But I will say something ’bout you. Yes, you.
You jump in and start sharing licks, right? Just like the last time, the time before that, the time before that, and the time before that. Same position – unvarying. Teachers always wrong.
I lie? When did you ever say that teachers had a right to take action – and run yuh mout’ as loudly as yuh doing now?
How could a set of people who so presumably intelligent, knowledgeable, skilled, possessed of such wherewithal that you don’t want them to take a break from teaching your children get so dumb that they wrong every time – every single time – that they say “Thus far and no further”?
Don’t leh we mix matters. Teachers never get any broad support when they decide they will no longer tolerate something.
You come out of your hole as soon as teachers act up, but all along when, not infrequently, they are oppressed, downpressed, suppressed, run over by express trains (in the form of uncouth parents; uncooperative, rude and sometimes criminal-minded children; and autocratic bosses) carried through the hornpipe by the various stresses and stressors that are part of a teacher’s daily life), you say nothing.
You stand idly by as they are underpaid and overstretched.
But let them say they are going to withdraw their labour and you are at their throats.
Have you ever expressed deep appreciation for all the good that teachers do? How often do you see letters to the Press complimenting teachers? You ever write one?
Yuh writing another kind of letter now, though.
Less involved
As you, parent, sister, brother, aunt, uncle, resident of the village (which they say it takes to raise a child) become less involved, do less volunteer work, less mentoring, less training, give less help, are less of an example, and thereby thrust more responsibility on the school, you still are not more appreciative of teachers who now have to pick up your slack.
You en got no shame?
I have seen teachers cry with caring, and I have done so myself. But although hundreds of teachers faithfully carry out their tasks, sacrificially in many instances, while seeing the less mission-critical, less qualified, less committed easily outstrip them in pay and prestige, you still almost instinctively jump on them every chance you get.
What does it say about you that these people that you would say do a very important job never can catch a break from you? What does it say about you?
Why is it that every time they sneeze (which is not often – in my view, nowhere near as often as they should), you are never earnestly looking to reduce the irritation? No, you usually want to rub their noses in it.
It is okay for aggrieved workers at the Transport Board or Tamarind Hotel or Trowel Plastics or Trimart or at Tisshoo to take action. They got rights. But not if they work at Teaching. De wrong T. The children, you say.
“The children gine suffer” – you, everybody and their mother pulling the children card.
Why should one set of people, because they deal with children, be the national doormat?
If the children matter so much, why isn’t proper treatment of teachers a priority?
Hypocrisy
In spite of claims that they are very important, there is no “Handle with care” for teachers. Still, as the society falls apart, citizens beg the same mistreated teachers to be in the forefront of putting it back together.
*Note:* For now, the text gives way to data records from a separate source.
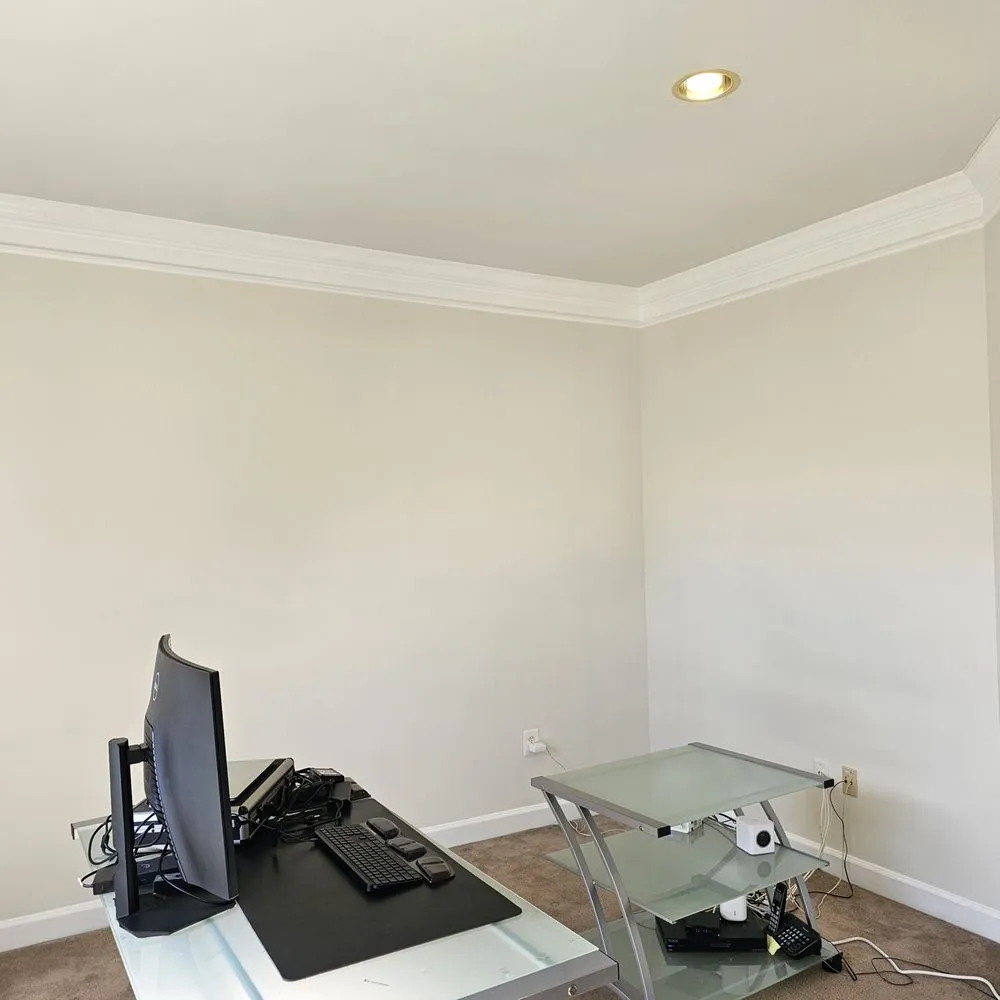 Slide of Wayne's Painting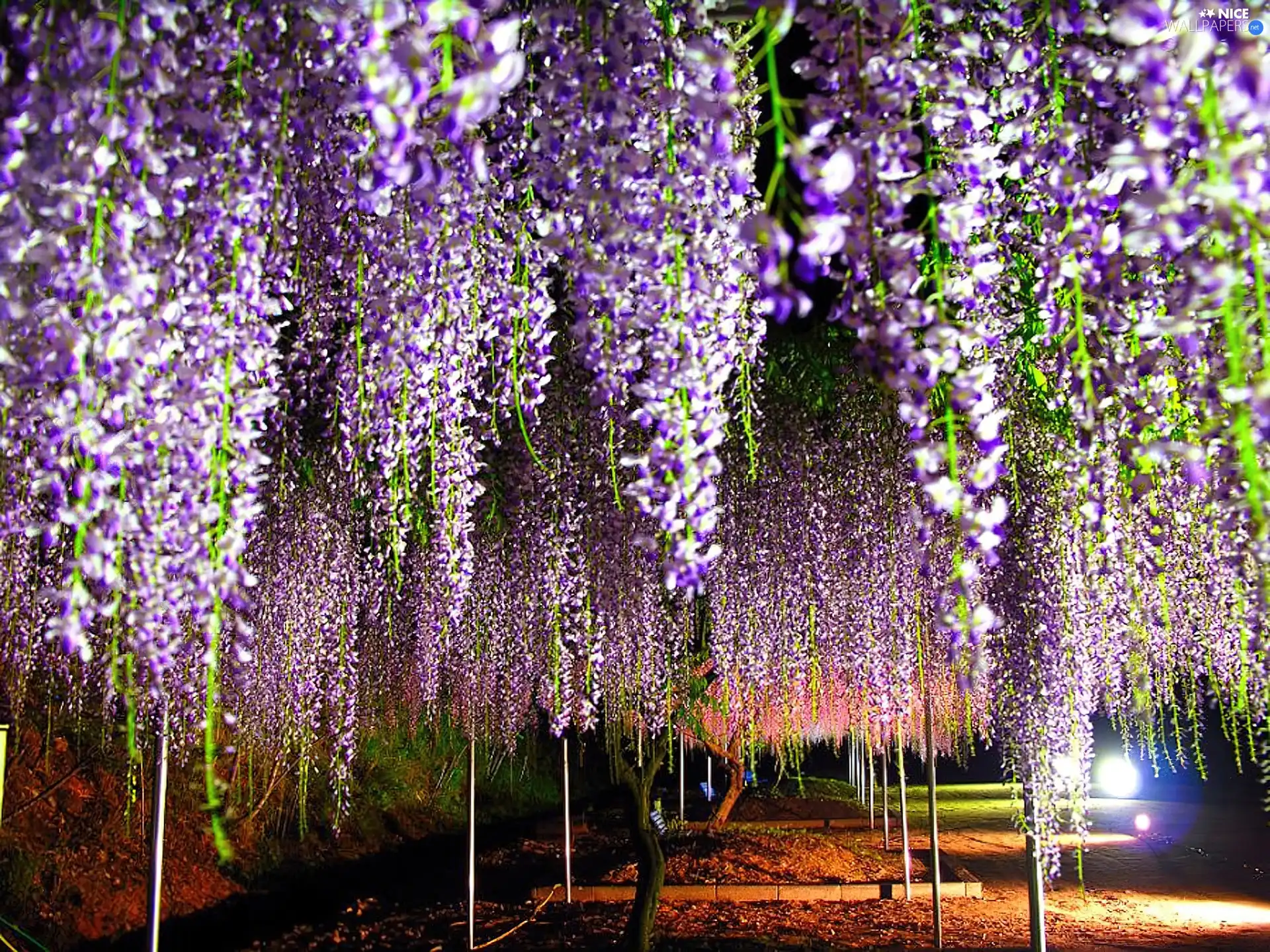 wistaria, purple, Flowers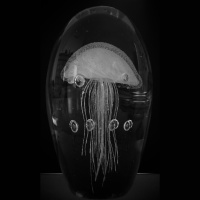 498 -- Uncompromising -- a personal message and a conversation with Leela Sinha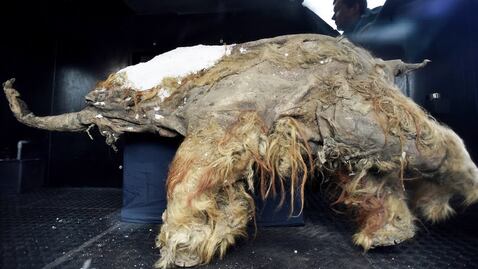 Así activaron científicos células de un mamut de 28 mil años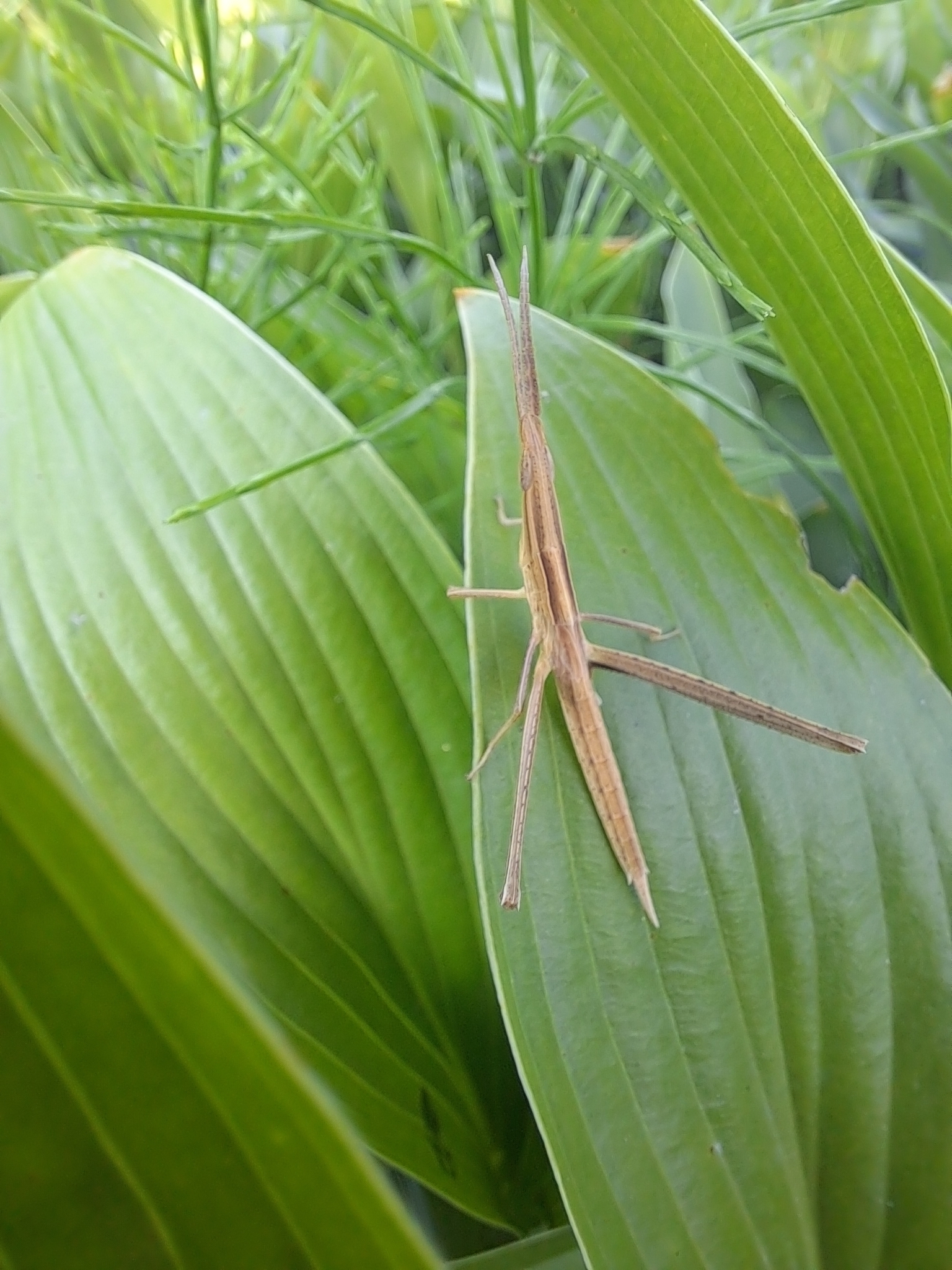  p>中华剑角蝗(学名: i>acrida cinerea /i>)是剑角蝗科,剑角蝗属昆虫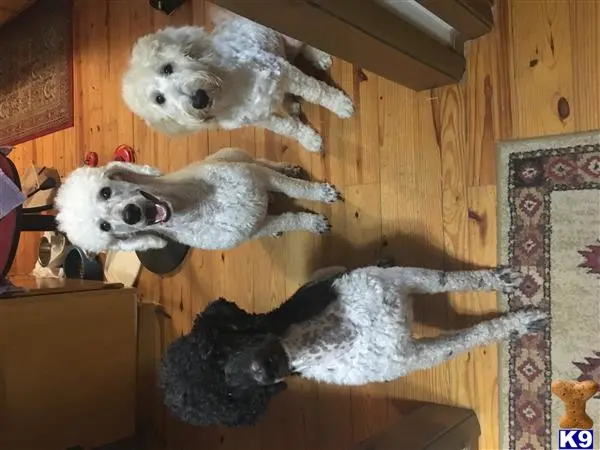 Poodle stud dog: a group of poodle dogs lying on the floor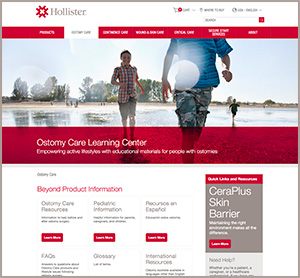 Hollister us website store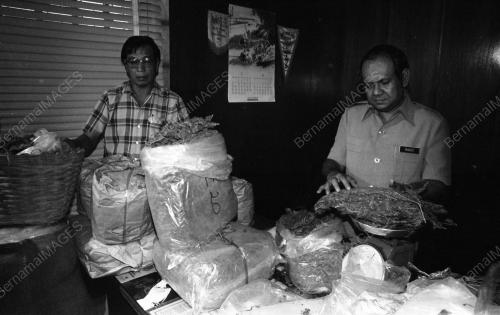 PG02_09072015_RAMPAS_GANJA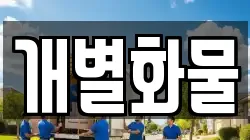 개별화물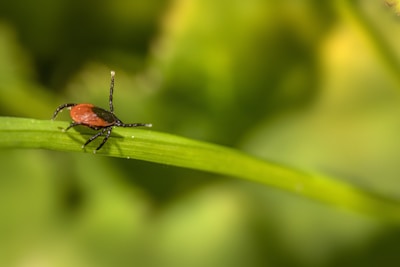 A close-up of a tiny tick crawling on a green blade of grass with a blurred green and yellow background.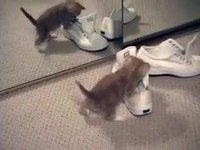 Chaton, miroir et chaussures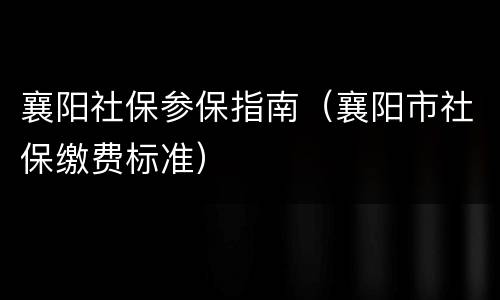 襄阳社保参保指南（襄阳市社保缴费标准）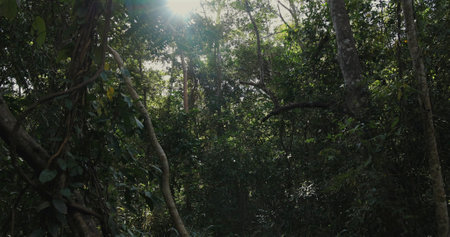 Sunlight filtering through lush green rainforest canopyの写真素材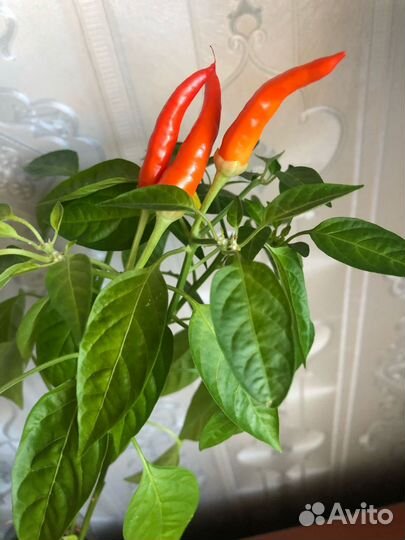 Перец комнатный огонек с плодами в грунте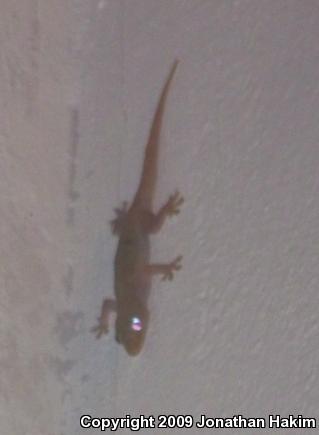 Common House Gecko (Hemidactylus frenatus)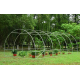 Solar legume 3 x 8 x 2 + Cadou sistem de irigare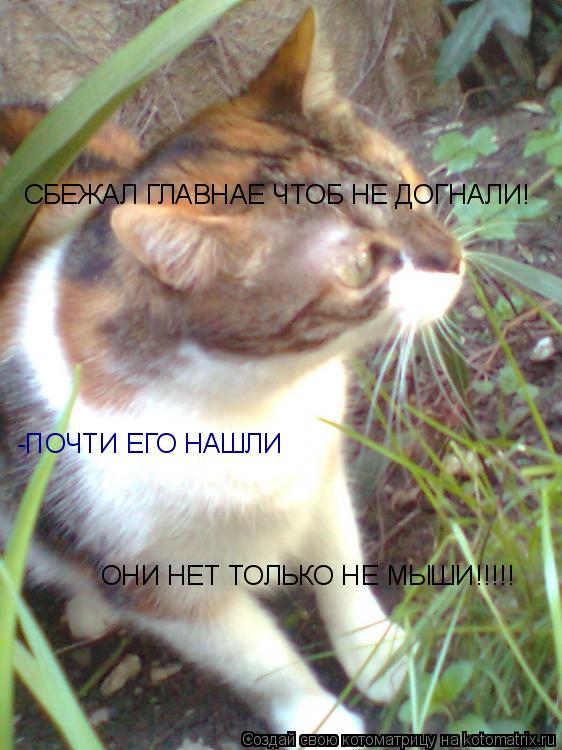Котоматрица: СБЕЖАЛ ГЛАВНАЕ ЧТОБ НЕ ДОГНАЛИ! -ПОЧТИ ЕГО НАШЛИ ОНИ НЕТ ТОЛЬКО НЕ МЫШИ!!!!!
Oh, the stench of hypocrisy.
So in the Alexandra matter, even if you think they are wrong, deal with them the way you routinely deal with those you say you value: find grace, find mitigation, find a way to say they are wrong while showing that you care for them. That’s what you do for those who really matter to you. You don’t seek to cut them down.
Now, lemme say this: even when I was a teacher, I was not a wholesale defender of my colleagues – not even of myself.
But I can’t stand the double-facedness, the ungratefulness, the unfairness, and the easy willingness to savage, time and again, a group of mostly honourable contributors to the national good.
Shamefully, there is no national regard for teachers, no sympathy, no empathy – that most noble of human emotions – only a certain waiting to pounce. What kind of person does that make you?